I was ten and playing catch in my yard with my best friend, Palmer. I loved football. I particularly liked catching passes, tracking the ball through the air, aligning my hands and eyes and body so the ball and I met at precisely the right moment. I was like a dog who could never tire of fetching sticks. I got pretty good at it, which is usually what happens when you do something again and again for no other reason than you want to keep doing it.


We were using where my driveway met the yard as a makeshift sideline, practicing keeping our feet in bounds the way Fred Biletnikoff would on his trademark come-back route. Palmer threw me a quick out, but led me a little too far. I planted my toes at the edge of the grass and leaned out, stretching my arms as far as they could stretch, feeling that tension between feet and shoulders as I hung out over the driveway just long enough to snag the ball with my fingertips. Freddy B. couldn’t have done it any better.
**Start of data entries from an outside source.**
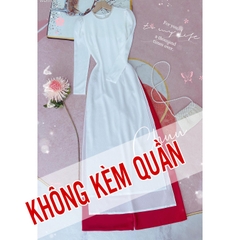 Áo Dài 4T Vải Xước Cổ Viền Ngọc AD8081 (áo lẻ)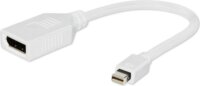 Gembird mini DisplayPort M - DisplayPort F Adapterkábel 0.1m Fehér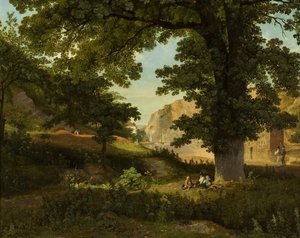 Clifton Rocks from Rownham Fields, c.1821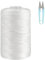 40 Meters Roman Blind Cord, 131 Feet 2mm Nylon Blind String, Curtain braided String Pull for Blind Shade, Picture Hanging, Bracelet Making and Crafts (White)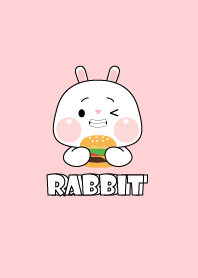 Simple White Rabbit Love Food Theme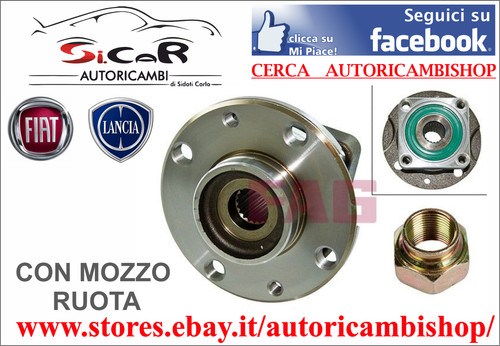 Kit cuscinetto ruota ant con - cuscinetto,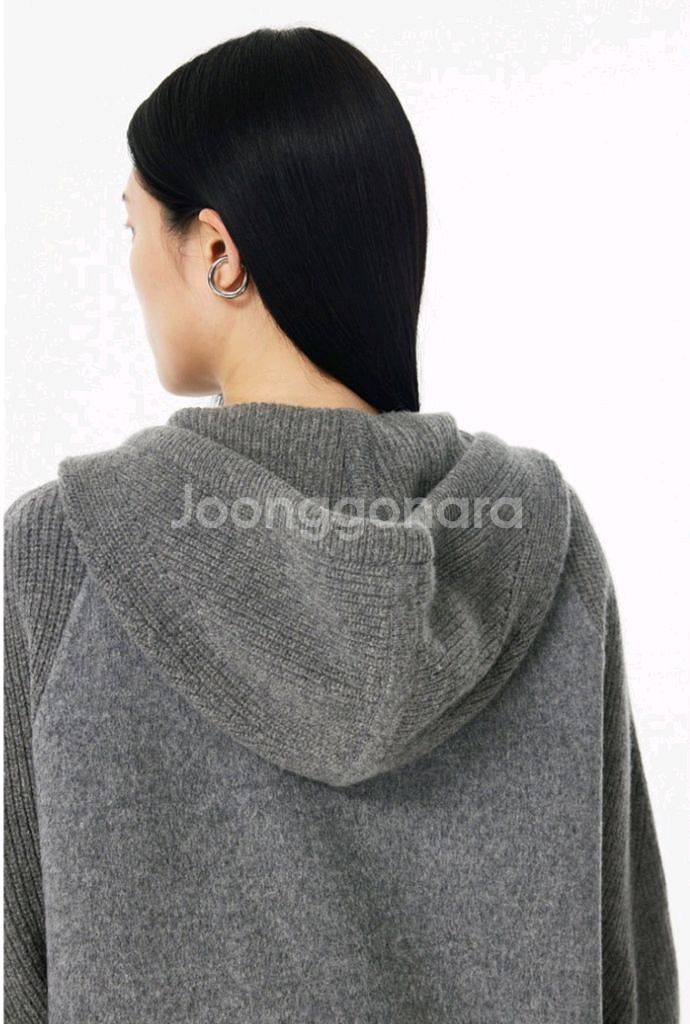 [새상품]보브(VOV) 니트 우븐 믹스 후드자켓(2025신상)--6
I turned to Palmer, triumphant. A catch that good deserved a moment of recognition. But Palmer just stood at the other end of the yard, waiting for me to throw it back to him.

“You see that?” I said. “You see how far out I had to lean?”

Palmer smiled and came over to me. “Yes, Billy. I saw it. It was an excellent catch.”

As I said, he was my best friend. He knew me well. Maybe this wasn’t the first time I’d gone fishing for some recognition. Still, I thought to myself, that was a hell of a catch.

I thought of that catch years later when a literary agent I’d met at writer’s conference asked to see the first few chapters of my memoir. After she read the pages, we met to discuss the project. “Of course, you’re a beautiful writer,” she said by way of an opening.

How odd, I thought. I felt like I’d been waiting two decades to hear exactly those words from exactly this sort of person, and as nice as it was to hear, it meant strangely little to me. Somewhere in that time I must have recognized something in myself and not even known it.